Soundly Engineered

A good example of how Constructing the Past is soundly engineered can be seen by looking at the menu bar. I wanted it to be pretty minimal when I first made it with only three items on it. But after some feedback and discussion I realized it would work better to add a little bit more to it. The first three items on the menu bar were, About/Welcome (I have yet to settle on a final name for it), Buildings, and Photo Gallery. The About menu contains the information about the project and the History of the College. But History of the College could also work as it’s own menu bar since it is not necessarily a sub-category of any of the information. Another menu bar that I am thinking of adding is one about the conclusions of the project and the connections between the other buildings. I have yet to come up with an encompassing name for it yet but would add this to my menu bar to stand alone with no subcategories. This would bring it up to five items to select from in the menu bar.

The most important item in the menu bar is the Buildings item. It lists the three buildings I am looking at and the subcategories that they have, Timelines, History, and Looking At (Which is not the final name). I decided to put them all under one tab because that means that potentially more buildings could be added to the analysis of the campus community. If they were all up in the menu then it makes it seem like those are the only buildings to look at when using buildings to analyze the campus. Those are just the ones I chose. By having them under a building tab it shows the potential to add more since many other buildings on campus would work and could potentially be added.

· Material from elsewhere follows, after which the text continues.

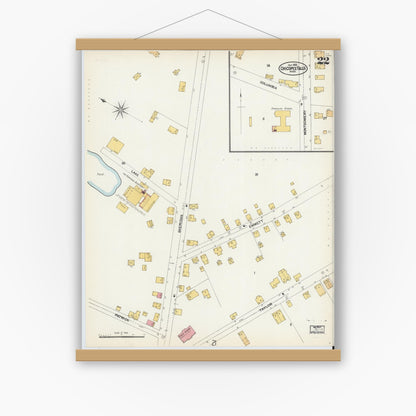 Old map wall art mockup — magnetic wood frame on white wall — Sanborn Fire Insurance Map from Chicopee, Hampden County, Massachusetts (1902), Sheet #0022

This is soundly designed it was an active choice to represent how the information is organized.

This project is also soundly engineered because before starting this project I looked into what resources or documents existed.  I had already talked with the McPhersons, went to the Adams County Historical Society to look at information on the Breidenbaugh family, and talking to people at facilities to determine what information they had on the buildings and to see the Brua Architectural plans that they had. This project was guided by the information that I had already gathered. I could have found other buildings to focus on, and in my research I found many other buildings that would reflect the changes that were made and their reflection on the campus community. But I chose the three that I did because I was interested in them and had the information. I thought through all the planning of this project before starting it and checked that the information that I would need to complete it would be possible to get. This helps insure it is soundly engineered because potential directions of the project have been explored. I am also ensuring that it is soundly designed by giving my process for deciding things here, like the students did in Sound Engineering: Toward a Theory of Multimodal Soundness in Jody Shipka’s article.

One Reply to “Soundly Engineered”

  1. I think your project has, from the beginning, embraced a sound engineering philosophy, in that you have been very focused with your research topics and what exactly you want to have done. Normally a project idea starts out very large, and has to be whittled down, but yours has been pretty on target from day one! I think that shows great DH instincts, for what they are.

    Menus are always one of the things I struggle with in DH projects, because you want to give your users a lot of options and guide them in a specific way, but not overwhelm them with too many choices. So for me, not everything has to be on a menu, just what you think is most important, and let the rest of the site guide your users. That being said, I think your current menu structure is good and fits the needs of your project.